→ ASSIGNED TASK: Copy each of the records exactly; leave nothing out.

[Records drawn from a dataset]
▬▬▬

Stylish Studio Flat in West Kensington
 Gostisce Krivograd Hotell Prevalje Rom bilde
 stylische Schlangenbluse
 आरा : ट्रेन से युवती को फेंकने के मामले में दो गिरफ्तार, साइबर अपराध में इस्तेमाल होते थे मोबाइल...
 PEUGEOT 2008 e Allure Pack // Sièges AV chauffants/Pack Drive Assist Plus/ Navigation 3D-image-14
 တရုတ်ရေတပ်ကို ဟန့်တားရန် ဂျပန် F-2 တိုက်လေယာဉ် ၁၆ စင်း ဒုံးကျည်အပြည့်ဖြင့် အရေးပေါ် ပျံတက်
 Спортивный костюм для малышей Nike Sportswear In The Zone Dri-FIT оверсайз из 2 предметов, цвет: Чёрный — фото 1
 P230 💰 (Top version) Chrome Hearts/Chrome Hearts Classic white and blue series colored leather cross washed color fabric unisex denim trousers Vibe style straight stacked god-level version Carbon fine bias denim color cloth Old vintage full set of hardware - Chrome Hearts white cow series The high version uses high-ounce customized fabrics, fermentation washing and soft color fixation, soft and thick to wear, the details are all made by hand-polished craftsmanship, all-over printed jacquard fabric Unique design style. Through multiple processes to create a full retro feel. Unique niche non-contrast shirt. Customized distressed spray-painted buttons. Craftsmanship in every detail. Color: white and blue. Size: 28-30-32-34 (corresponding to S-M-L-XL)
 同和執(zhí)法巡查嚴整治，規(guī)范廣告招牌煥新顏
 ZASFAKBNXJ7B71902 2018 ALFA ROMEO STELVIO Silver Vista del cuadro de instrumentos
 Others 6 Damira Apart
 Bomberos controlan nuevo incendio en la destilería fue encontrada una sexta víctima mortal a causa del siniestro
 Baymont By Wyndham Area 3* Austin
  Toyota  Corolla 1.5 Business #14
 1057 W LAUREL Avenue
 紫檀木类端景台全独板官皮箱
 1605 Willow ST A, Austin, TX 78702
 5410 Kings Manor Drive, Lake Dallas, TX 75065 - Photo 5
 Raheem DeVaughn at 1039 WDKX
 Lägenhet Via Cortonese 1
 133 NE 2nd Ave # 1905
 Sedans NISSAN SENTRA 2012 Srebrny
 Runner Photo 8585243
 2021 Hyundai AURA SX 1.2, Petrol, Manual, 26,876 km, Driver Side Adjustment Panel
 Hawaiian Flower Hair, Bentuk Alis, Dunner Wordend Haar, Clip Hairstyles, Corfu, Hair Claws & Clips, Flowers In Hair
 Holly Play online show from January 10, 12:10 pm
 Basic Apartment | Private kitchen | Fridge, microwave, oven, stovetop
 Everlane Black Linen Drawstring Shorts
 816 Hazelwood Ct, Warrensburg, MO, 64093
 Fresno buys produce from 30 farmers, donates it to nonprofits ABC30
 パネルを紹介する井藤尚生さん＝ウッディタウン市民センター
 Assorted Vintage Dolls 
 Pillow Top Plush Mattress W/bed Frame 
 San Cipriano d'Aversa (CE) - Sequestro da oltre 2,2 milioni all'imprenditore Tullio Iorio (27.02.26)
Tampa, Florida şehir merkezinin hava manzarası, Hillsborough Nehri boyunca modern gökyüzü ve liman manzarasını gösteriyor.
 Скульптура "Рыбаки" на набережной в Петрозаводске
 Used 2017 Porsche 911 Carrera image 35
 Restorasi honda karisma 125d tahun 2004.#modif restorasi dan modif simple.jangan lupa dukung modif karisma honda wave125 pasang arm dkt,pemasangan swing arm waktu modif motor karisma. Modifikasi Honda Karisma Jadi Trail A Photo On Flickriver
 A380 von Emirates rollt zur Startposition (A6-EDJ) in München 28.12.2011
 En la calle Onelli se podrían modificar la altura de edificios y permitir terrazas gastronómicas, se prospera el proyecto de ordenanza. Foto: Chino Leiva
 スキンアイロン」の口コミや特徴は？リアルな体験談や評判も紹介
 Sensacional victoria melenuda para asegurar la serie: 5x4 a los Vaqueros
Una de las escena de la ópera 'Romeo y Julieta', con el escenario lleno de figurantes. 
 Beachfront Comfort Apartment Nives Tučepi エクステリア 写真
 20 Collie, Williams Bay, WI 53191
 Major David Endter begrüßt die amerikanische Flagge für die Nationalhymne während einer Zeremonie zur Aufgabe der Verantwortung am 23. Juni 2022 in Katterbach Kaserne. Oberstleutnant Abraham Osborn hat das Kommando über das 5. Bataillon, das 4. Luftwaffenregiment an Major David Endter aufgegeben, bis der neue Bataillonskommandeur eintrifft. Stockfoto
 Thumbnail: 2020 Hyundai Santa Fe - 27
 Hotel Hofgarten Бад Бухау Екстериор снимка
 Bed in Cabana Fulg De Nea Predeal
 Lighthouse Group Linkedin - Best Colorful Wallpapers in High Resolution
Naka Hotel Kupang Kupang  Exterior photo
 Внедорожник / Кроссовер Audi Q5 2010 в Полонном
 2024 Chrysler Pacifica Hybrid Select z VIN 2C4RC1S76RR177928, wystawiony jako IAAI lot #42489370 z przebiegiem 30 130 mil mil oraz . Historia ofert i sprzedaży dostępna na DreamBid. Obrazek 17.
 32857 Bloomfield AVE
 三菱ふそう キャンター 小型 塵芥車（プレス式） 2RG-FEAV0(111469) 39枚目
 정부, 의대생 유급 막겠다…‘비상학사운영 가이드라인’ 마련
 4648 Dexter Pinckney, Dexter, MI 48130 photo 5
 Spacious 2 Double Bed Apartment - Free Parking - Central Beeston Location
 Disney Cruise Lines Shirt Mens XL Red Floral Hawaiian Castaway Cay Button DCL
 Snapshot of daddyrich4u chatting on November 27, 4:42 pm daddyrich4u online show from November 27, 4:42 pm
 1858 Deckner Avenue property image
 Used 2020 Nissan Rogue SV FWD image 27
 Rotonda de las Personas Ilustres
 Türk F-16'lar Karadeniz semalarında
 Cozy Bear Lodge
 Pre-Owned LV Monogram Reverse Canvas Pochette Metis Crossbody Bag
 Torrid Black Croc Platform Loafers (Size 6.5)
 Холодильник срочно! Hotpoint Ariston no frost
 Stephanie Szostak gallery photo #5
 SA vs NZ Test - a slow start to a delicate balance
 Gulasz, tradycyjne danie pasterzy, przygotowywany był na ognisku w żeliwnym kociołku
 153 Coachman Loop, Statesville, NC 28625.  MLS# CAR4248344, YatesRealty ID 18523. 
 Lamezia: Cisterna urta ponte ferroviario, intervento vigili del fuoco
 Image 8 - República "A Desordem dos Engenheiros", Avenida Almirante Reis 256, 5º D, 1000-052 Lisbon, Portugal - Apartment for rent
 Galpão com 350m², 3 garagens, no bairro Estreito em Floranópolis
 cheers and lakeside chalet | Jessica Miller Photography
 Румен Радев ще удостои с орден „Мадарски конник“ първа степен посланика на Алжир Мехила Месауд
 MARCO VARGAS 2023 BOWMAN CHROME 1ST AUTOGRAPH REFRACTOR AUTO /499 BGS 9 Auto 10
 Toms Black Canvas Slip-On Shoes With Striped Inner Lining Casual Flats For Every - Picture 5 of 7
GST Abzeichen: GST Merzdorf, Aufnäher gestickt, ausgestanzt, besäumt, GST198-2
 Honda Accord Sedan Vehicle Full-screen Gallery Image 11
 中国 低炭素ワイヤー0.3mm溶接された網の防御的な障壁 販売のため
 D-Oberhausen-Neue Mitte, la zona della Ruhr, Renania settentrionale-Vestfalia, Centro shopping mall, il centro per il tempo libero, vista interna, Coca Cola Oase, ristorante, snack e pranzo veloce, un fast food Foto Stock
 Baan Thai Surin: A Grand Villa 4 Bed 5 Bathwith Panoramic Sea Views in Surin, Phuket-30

▬▬▬

→ ANSWER:
Stylish Studio Flat in West Kensington
 Gostisce Krivograd Hotell Prevalje Rom bilde
 stylische Schlangenbluse
 आरा : ट्रेन से युवती को फेंकने के मामले में दो गिरफ्तार, साइबर अपराध में इस्तेमाल होते थे मोबाइल...
 PEUGEOT 2008 e Allure Pack // Sièges AV chauffants/Pack Drive Assist Plus/ Navigation 3D-image-14
 တရုတ်ရေတပ်ကို ဟန့်တားရန် ဂျပန် F-2 တိုက်လေယာဉ် ၁၆ စင်း ဒုံးကျည်အပြည့်ဖြင့် အရေးပေါ် ပျံတက်
 Спортивный костюм для малышей Nike Sportswear In The Zone Dri-FIT оверсайз из 2 предметов, цвет: Чёрный — фото 1
 P230 💰 (Top version) Chrome Hearts/Chrome Hearts Classic white and blue series colored leather cross washed color fabric unisex denim trousers Vibe style straight stacked god-level version Carbon fine bias denim color cloth Old vintage full set of hardware - Chrome Hearts white cow series The high version uses high-ounce customized fabrics, fermentation washing and soft color fixation, soft and thick to wear, the details are all made by hand-polished craftsmanship, all-over printed jacquard fabric Unique design style. Through multiple processes to create a full retro feel. Unique niche non-contrast shirt. Customized distressed spray-painted buttons. Craftsmanship in every detail. Color: white and blue. Size: 28-30-32-34 (corresponding to S-M-L-XL)
 同和執(zhí)法巡查嚴整治，規(guī)范廣告招牌煥新顏
 ZASFAKBNXJ7B71902 2018 ALFA ROMEO STELVIO Silver Vista del cuadro de instrumentos
 Others 6 Damira Apart
 Bomberos controlan nuevo incendio en la destilería fue encontrada una sexta víctima mortal a causa del siniestro
 Baymont By Wyndham Area 3* Austin
  Toyota  Corolla 1.5 Business #14
 1057 W LAUREL Avenue
 紫檀木类端景台全独板官皮箱
 1605 Willow ST A, Austin, TX 78702
 5410 Kings Manor Drive, Lake Dallas, TX 75065 - Photo 5
 Raheem DeVaughn at 1039 WDKX
 Lägenhet Via Cortonese 1
 133 NE 2nd Ave # 1905
 Sedans NISSAN SENTRA 2012 Srebrny
 Runner Photo 8585243
 2021 Hyundai AURA SX 1.2, Petrol, Manual, 26,876 km, Driver Side Adjustment Panel
 Hawaiian Flower Hair, Bentuk Alis, Dunner Wordend Haar, Clip Hairstyles, Corfu, Hair Claws & Clips, Flowers In Hair
 Holly Play online show from January 10, 12:10 pm
 Basic Apartment | Private kitchen | Fridge, microwave, oven, stovetop
 Everlane Black Linen Drawstring Shorts
 816 Hazelwood Ct, Warrensburg, MO, 64093
 Fresno buys produce from 30 farmers, donates it to nonprofits ABC30
 パネルを紹介する井藤尚生さん＝ウッディタウン市民センター
 Assorted Vintage Dolls 
 Pillow Top Plush Mattress W/bed Frame 
 San Cipriano d'Aversa (CE) - Sequestro da oltre 2,2 milioni all'imprenditore Tullio Iorio (27.02.26)
Tampa, Florida şehir merkezinin hava manzarası, Hillsborough Nehri boyunca modern gökyüzü ve liman manzarasını gösteriyor.
 Скульптура "Рыбаки" на набережной в Петрозаводске
 Used 2017 Porsche 911 Carrera image 35
 Restorasi honda karisma 125d tahun 2004.#modif restorasi dan modif simple.jangan lupa dukung modif karisma honda wave125 pasang arm dkt,pemasangan swing arm waktu modif motor karisma. Modifikasi Honda Karisma Jadi Trail A Photo On Flickriver
 A380 von Emirates rollt zur Startposition (A6-EDJ) in München 28.12.2011
 En la calle Onelli se podrían modificar la altura de edificios y permitir terrazas gastronómicas, se prospera el proyecto de ordenanza. Foto: Chino Leiva
 スキンアイロン」の口コミや特徴は？リアルな体験談や評判も紹介
 Sensacional victoria melenuda para asegurar la serie: 5x4 a los Vaqueros
Una de las escena de la ópera 'Romeo y Julieta', con el escenario lleno de figurantes. 
 Beachfront Comfort Apartment Nives Tučepi エクステリア 写真
 20 Collie, Williams Bay, WI 53191
 Major David Endter begrüßt die amerikanische Flagge für die Nationalhymne während einer Zeremonie zur Aufgabe der Verantwortung am 23. Juni 2022 in Katterbach Kaserne. Oberstleutnant Abraham Osborn hat das Kommando über das 5. Bataillon, das 4. Luftwaffenregiment an Major David Endter aufgegeben, bis der neue Bataillonskommandeur eintrifft. Stockfoto
 Thumbnail: 2020 Hyundai Santa Fe - 27
 Hotel Hofgarten Бад Бухау Екстериор снимка
 Bed in Cabana Fulg De Nea Predeal
 Lighthouse Group Linkedin - Best Colorful Wallpapers in High Resolution
Naka Hotel Kupang Kupang  Exterior photo
 Внедорожник / Кроссовер Audi Q5 2010 в Полонном
 2024 Chrysler Pacifica Hybrid Select z VIN 2C4RC1S76RR177928, wystawiony jako IAAI lot #42489370 z przebiegiem 30 130 mil mil oraz . Historia ofert i sprzedaży dostępna na DreamBid. Obrazek 17.
 32857 Bloomfield AVE
 三菱ふそう キャンター 小型 塵芥車（プレス式） 2RG-FEAV0(111469) 39枚目
 정부, 의대생 유급 막겠다…‘비상학사운영 가이드라인’ 마련
 4648 Dexter Pinckney, Dexter, MI 48130 photo 5
 Spacious 2 Double Bed Apartment - Free Parking - Central Beeston Location
 Disney Cruise Lines Shirt Mens XL Red Floral Hawaiian Castaway Cay Button DCL
 Snapshot of daddyrich4u chatting on November 27, 4:42 pm daddyrich4u online show from November 27, 4:42 pm
 1858 Deckner Avenue property image
 Used 2020 Nissan Rogue SV FWD image 27
 Rotonda de las Personas Ilustres
 Türk F-16'lar Karadeniz semalarında
 Cozy Bear Lodge
 Pre-Owned LV Monogram Reverse Canvas Pochette Metis Crossbody Bag
 Torrid Black Croc Platform Loafers (Size 6.5)
 Холодильник срочно! Hotpoint Ariston no frost
 Stephanie Szostak gallery photo #5
 SA vs NZ Test - a slow start to a delicate balance
 Gulasz, tradycyjne danie pasterzy, przygotowywany był na ognisku w żeliwnym kociołku
 153 Coachman Loop, Statesville, NC 28625.  MLS# CAR4248344, YatesRealty ID 18523. 
 Lamezia: Cisterna urta ponte ferroviario, intervento vigili del fuoco
 Image 8 - República "A Desordem dos Engenheiros", Avenida Almirante Reis 256, 5º D, 1000-052 Lisbon, Portugal - Apartment for rent
 Galpão com 350m², 3 garagens, no bairro Estreito em Floranópolis
 cheers and lakeside chalet | Jessica Miller Photography
 Румен Радев ще удостои с орден „Мадарски конник“ първа степен посланика на Алжир Мехила Месауд
 MARCO VARGAS 2023 BOWMAN CHROME 1ST AUTOGRAPH REFRACTOR AUTO /499 BGS 9 Auto 10
 Toms Black Canvas Slip-On Shoes With Striped Inner Lining Casual Flats For Every - Picture 5 of 7
GST Abzeichen: GST Merzdorf, Aufnäher gestickt, ausgestanzt, besäumt, GST198-2
 Honda Accord Sedan Vehicle Full-screen Gallery Image 11
 中国 低炭素ワイヤー0.3mm溶接された網の防御的な障壁 販売のため
 D-Oberhausen-Neue Mitte, la zona della Ruhr, Renania settentrionale-Vestfalia, Centro shopping mall, il centro per il tempo libero, vista interna, Coca Cola Oase, ristorante, snack e pranzo veloce, un fast food Foto Stock
 Baan Thai Surin: A Grand Villa 4 Bed 5 Bathwith Panoramic Sea Views in Surin, Phuket-30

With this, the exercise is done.